If Mr Blair were still confident of the rightness of his decision, he could claim that the Battle of Amarah over the last few days proved this newspaper wrong. He could say that the fighting shows that not all the violence in Iraq is caused by the presence of foreign troops. In Amarah it was prompted by their absence, by the withdrawal of British forces in August. The trouble is that this would also mean contradicting General Sir Richard Dannatt, the Chief of the General Staff, who said that the British presence "exacerbates" the security situation. And it would, therefore, require Mr Blair to contradict himself, as he was forced, humiliatingly, to say that he agreed with "every word" that the general had said.
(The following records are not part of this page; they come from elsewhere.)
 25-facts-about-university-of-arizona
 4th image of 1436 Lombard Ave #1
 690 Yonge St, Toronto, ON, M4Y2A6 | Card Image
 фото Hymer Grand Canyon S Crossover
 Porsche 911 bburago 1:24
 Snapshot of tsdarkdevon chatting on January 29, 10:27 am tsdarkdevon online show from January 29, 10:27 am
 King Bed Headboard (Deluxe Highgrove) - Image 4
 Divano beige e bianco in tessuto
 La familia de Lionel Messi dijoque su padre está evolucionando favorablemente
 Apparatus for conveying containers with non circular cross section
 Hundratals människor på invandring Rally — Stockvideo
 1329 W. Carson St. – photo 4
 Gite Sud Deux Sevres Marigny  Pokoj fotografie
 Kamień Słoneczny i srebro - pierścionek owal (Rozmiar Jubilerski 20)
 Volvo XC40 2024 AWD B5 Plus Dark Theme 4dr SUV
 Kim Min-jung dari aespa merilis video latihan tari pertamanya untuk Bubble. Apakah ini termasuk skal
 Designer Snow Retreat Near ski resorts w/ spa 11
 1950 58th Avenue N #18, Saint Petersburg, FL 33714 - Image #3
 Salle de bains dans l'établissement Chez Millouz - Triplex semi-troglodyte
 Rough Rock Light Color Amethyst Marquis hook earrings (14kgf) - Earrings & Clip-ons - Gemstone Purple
The larger truth, of course, is that the Battle of Amarah is a ghastly illustration of the depths of the bloody crisis into which the US-British intervention has plunged Iraq. If British soldiers stay in Amarah, they are a target for "resistance". If they pull out, the militias aligned with different Shia factions fight for control. As we argued last week, the south of Iraq is at the point where the bloodshed of our staying is roughly the same as that of going. Neither course is ideal; both courses are a vivid confirmation of the folly of invading Iraq in the first place.

This newspaper argued against the invasion three years ago, partly on the grounds that it was disastrous to go in without a credible plan for getting out again. No such plan existed, and it still does not. Meanwhile, the Bush administration is paralysed by the mid-term elections next month. And the Blair government is paralysed by not knowing in which direction the US is heading.

Yet the brazenness of Mr Bush and Mr Blair knows few bounds. The President has assembled his generals this weekend in order to give the impression before Americans go to the polls that there might be a third way between "stay the course" and "cut and run", as James Baker, the Bush family troubleshooter, hinted. Meanwhile Mr Blair deploys all his verbal dexterity to re-interpret Sir Richard's words in a way that makes them compatible with his own. This exercise in semantics cannot forever bridge the gap between staying in and pulling out. Last week Mr Blair said that he, and Sir Richard, want to "get the job done as soon as possible". But getting the job done - whatever that might once have meant - looks like becoming harder to achieve over time.

As Saul David observes on page 30, the lesson of history is that withdrawal is inevitable and that, beyond a certain point, staying in a situation like Iraq for domestic political reasons only makes matters progressively worse. The British forces in southern Iraq are at or near that point now. They should pull out within 12 months, and the Americans will follow in due course - when Mr Bush's successor is elected, if not sooner. Mr Bush and Mr Blair know that their strategy in Iraq is not working, and they are clearly in the early stages of preparing people for disengagement along the lines of one of the oldest devices of military history: to declare victory and leave.

Get ready for a whole new lexicon of weasel words - drawdown, redeployment, or, as Mr Bush said last week, "our tactics are adjusting" - to describe the miserable reality of mistake, retreat and shame.